Abate resta il favorito per la panchina del Torino
Tornando sugli allenatori, il primo di cui oggi parleranno Cairo e Petrachi è Abate. L’ex terzino, che piace anche al Modena, si è preso a sua volta del tempo per riflettere sulla proposta e sul progetto granata: ha guidato l’Under 16 e la Primavera del Milan, la Ternana in Serie C, la Juve Stabia in B, disputando una stagione sorprendente considerati i problemi della società campana (da ottobre in amministrazione giudiziaria) che è terminata nella semifinale dei playoff contro il Monza. Il Toro rappresenterebbe per lui un’opportunità importante per la carriera, ma è naturale che lo stesso allenatore abbia voluto prendersi del tempo per decidere e valutare anche le altre opzioni sul tavolo. Così come del tempo se lo sono presi anche i dirigenti granata.
Gilardino e Di Francesco tra le alternative valutate dal Torino
Oltre che di Abate, Cairo e Petrachi parleranno anche degli altri profili che hanno valutato in queste settimane, come Alberto Gilardino ed Eusebio Di Francesco. Per entrambi sono stati fatti dei sondaggi esplorativi per capire la loro eventuale disponibilità a sedersi sulla panchina del Toro (Di Francesco tra l’altro è ancora sotto contratto con il Lecce, che ha portato alla salvezza nell’ultimo campionato), ma i discorsi non sono stati ancora approfonditi a differenza di quanto avvenuto con Abate e con Aquilani. Non a caso l’allenatore della Juve Stabia, soprattutto ora che il collega del Catanzaro ha accettato la proposta del Sassuolo, resta il favorito.
Torino, resta sullo sfondo l’ipotesi Juric
Sullo sfondo resta poi anche l’opzione Ivan Juric. L’allenatore di Spalato ha mantenuto un ottimo rapporto con Cairo e i due, negli scorsi mesi, hanno anche parlato della possibilità di un ritorno del croato. Un’idea, questa, che il presidente aveva avuto quando sulla panchina del Toro c’era ancora Marco Baroni: Juric sarebbe ben felice di poter tornare in granata e avere l’occasione di rilanciarsi dopo le esperienze fallimentari alla Roma, al Southampton e all’Atalanta. Ma al momento quella del tecnico croato non sembra essere un’ipotesi che scalda particolarmente i dirigenti granata, che preferirebbero puntare su un profilo più giovane, un allenatore in rampa di lancio per provare a dare il via a un nuovo ciclo. Proprio per questo motivo appare sempre meno probabile la permanenza di Roberto D’Aversa.
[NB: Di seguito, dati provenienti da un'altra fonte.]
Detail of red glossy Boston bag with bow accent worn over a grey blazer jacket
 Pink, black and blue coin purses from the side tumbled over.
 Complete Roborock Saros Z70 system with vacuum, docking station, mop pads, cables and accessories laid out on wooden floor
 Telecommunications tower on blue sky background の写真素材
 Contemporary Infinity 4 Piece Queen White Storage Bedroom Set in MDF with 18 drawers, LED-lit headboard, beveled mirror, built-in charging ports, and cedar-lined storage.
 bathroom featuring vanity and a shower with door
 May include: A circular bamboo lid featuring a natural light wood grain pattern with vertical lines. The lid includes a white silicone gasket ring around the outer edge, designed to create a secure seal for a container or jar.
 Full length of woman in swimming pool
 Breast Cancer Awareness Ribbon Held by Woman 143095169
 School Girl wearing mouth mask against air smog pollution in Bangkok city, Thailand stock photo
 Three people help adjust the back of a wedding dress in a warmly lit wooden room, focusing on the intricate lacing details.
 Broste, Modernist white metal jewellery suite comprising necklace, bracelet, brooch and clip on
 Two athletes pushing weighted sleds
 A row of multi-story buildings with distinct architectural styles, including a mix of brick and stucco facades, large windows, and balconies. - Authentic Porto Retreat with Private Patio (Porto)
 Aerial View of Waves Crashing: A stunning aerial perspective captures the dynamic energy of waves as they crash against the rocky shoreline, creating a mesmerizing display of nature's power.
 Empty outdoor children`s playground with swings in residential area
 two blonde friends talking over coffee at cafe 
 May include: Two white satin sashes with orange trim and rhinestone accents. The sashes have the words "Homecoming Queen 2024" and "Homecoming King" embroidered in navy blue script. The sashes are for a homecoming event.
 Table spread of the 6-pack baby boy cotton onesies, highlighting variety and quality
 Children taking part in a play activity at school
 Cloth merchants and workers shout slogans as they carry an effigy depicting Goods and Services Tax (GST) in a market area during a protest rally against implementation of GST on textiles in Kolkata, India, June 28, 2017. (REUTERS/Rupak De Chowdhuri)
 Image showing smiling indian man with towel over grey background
Non che il lavoro svolto dall’allenatore abruzzese (capace di salvare il Toro con diverse giornate d’anticipo) non sia stato apprezzato, Cairo più volte lo ha anche pubblicamente elogiato, ma, come dicevamo, l’idea è quella di aprire un nuovo ciclo. E allora non resta che attendere l’esito del summit in programma nel pomeriggio per capire se si potrà finalmente arrivare alla soluzione di quel rebus allenatore che, da settimane ormai, caratterizza la cronaca granata.